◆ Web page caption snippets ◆
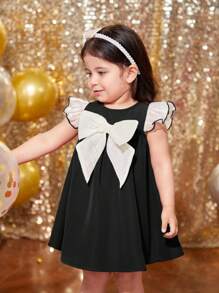 SHEIN Sukienka z kokardą dla dziewczynki, tkana, odpowiednia na świąteczne przyjęcie i spotkanie - Czarne - Zobacz 4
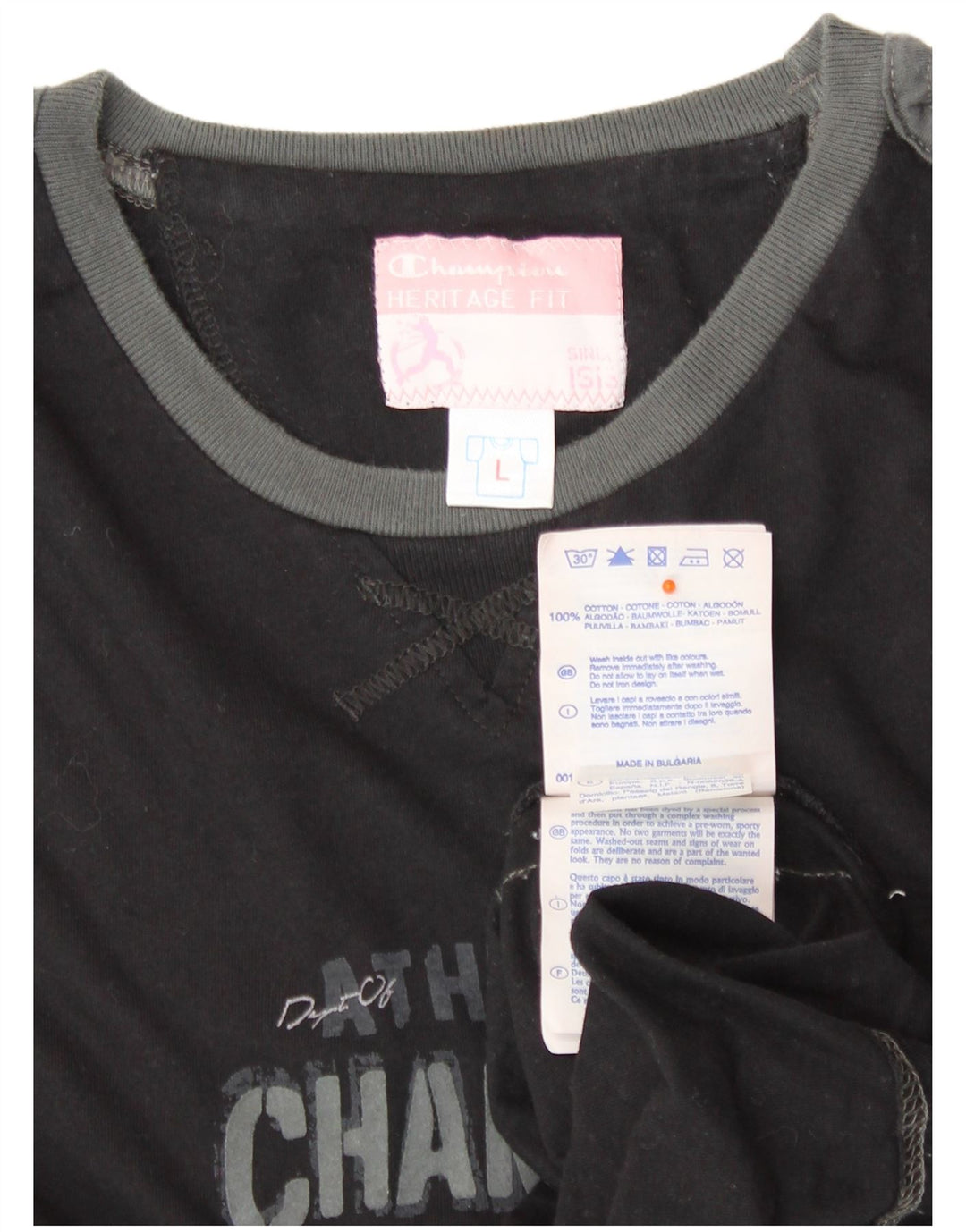 CHAMPION Damen Heritage Fit Graphic T-Shirt Top UK 14 Large Schwarz Baumwolle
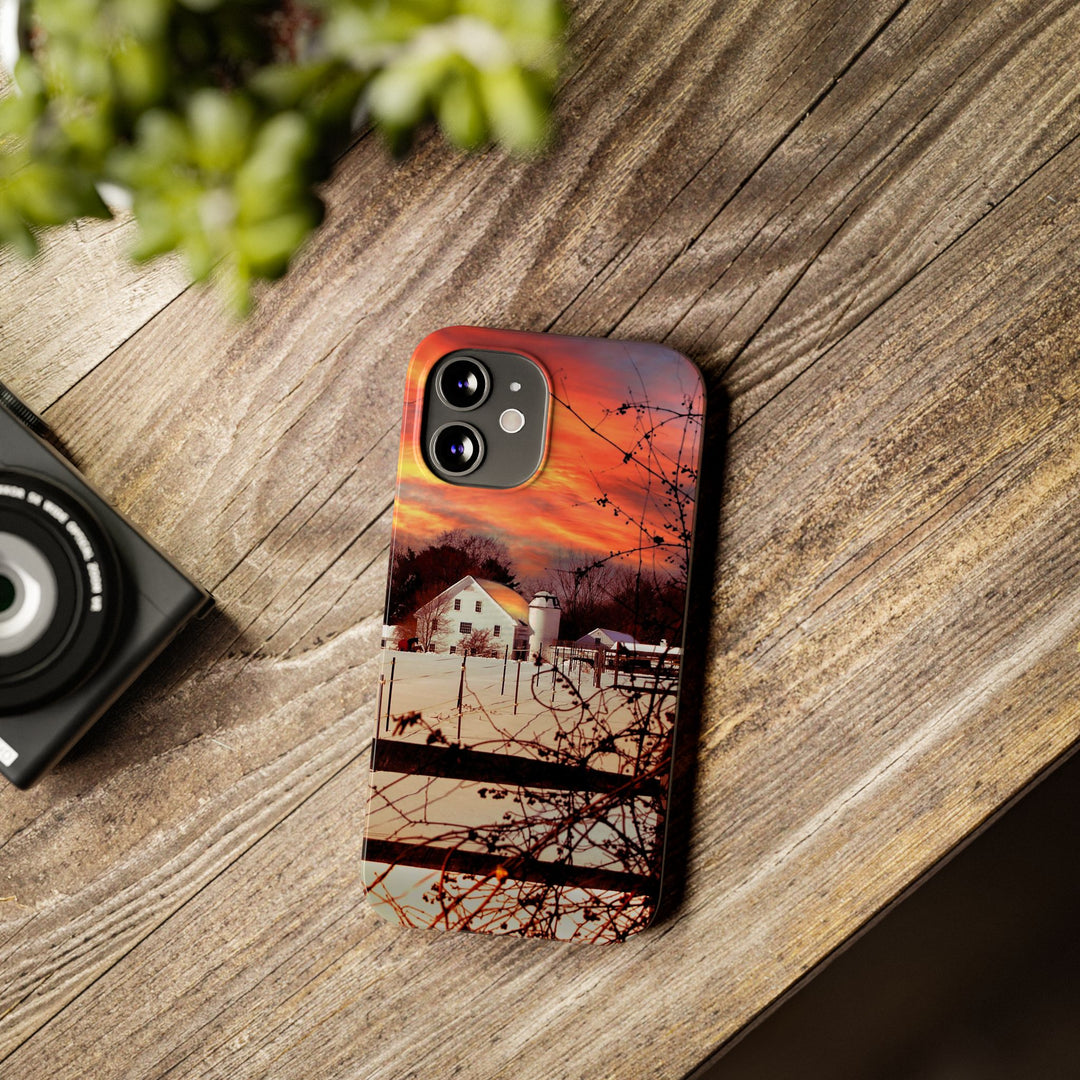 Slim Cute Phone Cases for Iphone - | iPhone 15 Case | iPhone 15 Pro Max Case, Iphone 14 Case, Iphone 14 Pro Max, Iphone 13, New England Winter Sunset - Studio40ParkLane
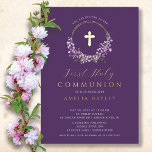 Lilac Floral Girls Einladung zur Kommune Foil<br><div class="desc">Schöne Einladungen mit einem Lavendel-Kranz und Goldfolie-Kreuz-Set auf einem lila Hintergrund. Dreh unsere Einladung,  um einen koordinierenden Rücken für eine besondere Touch zu sehen.</div>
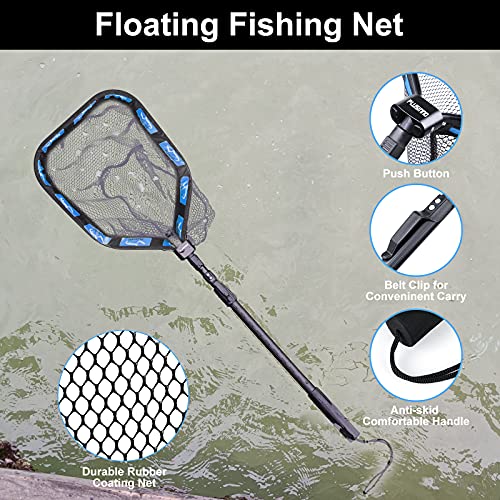 PLUSINNO Floating Fishing Net for Steelhead, Salmon, Fly, Kayak, Catfish, Bass, Trout Fishing, Rubber Coated Foldable Landing Net with Fixed or Telescoping Pole Handle, Fishing Gear and Gifts for Men - color: 19.7"/50cm Hoop Size length 1.35M Blue (Telesc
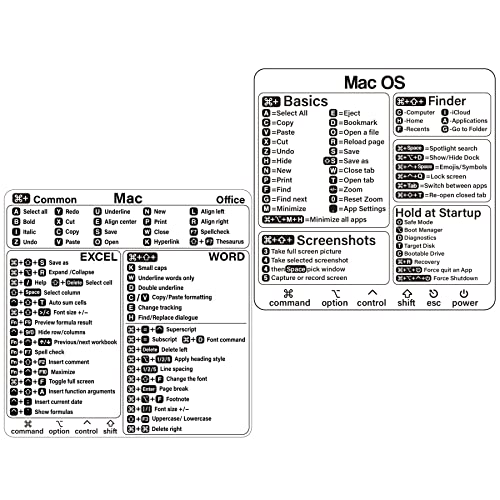Mac Shortcut Sticker - Mac Os Shortcuts Sticker (M1+Intel) + Word E...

◆ EXERCISE ◆
Pictures are to be left out; the answer must otherwise be exactly the lines from the one with "CHAMPION Damen Heritage" through the final line of the entries above, both included.

◆ RESPONSE TO THE TASK ◆
 CHAMPION Damen Heritage Fit Graphic T-Shirt Top UK 14 Large Schwarz Baumwolle
 Slim Cute Phone Cases for Iphone - | iPhone 15 Case | iPhone 15 Pro Max Case, Iphone 14 Case, Iphone 14 Pro Max, Iphone 13, New England Winter Sunset - Studio40ParkLane
 Lilac Floral Girls Einladung zur Kommune Foil<br><div class="desc">Schöne Einladungen mit einem Lavendel-Kranz und Goldfolie-Kreuz-Set auf einem lila Hintergrund. Dreh unsere Einladung,  um einen koordinierenden Rücken für eine besondere Touch zu sehen.</div>
 PLUSINNO Floating Fishing Net for Steelhead, Salmon, Fly, Kayak, Catfish, Bass, Trout Fishing, Rubber Coated Foldable Landing Net with Fixed or Telescoping Pole Handle, Fishing Gear and Gifts for Men - color: 19.7"/50cm Hoop Size length 1.35M Blue (Telesc
Mac Shortcut Sticker - Mac Os Shortcuts Sticker (M1+Intel) + Word E...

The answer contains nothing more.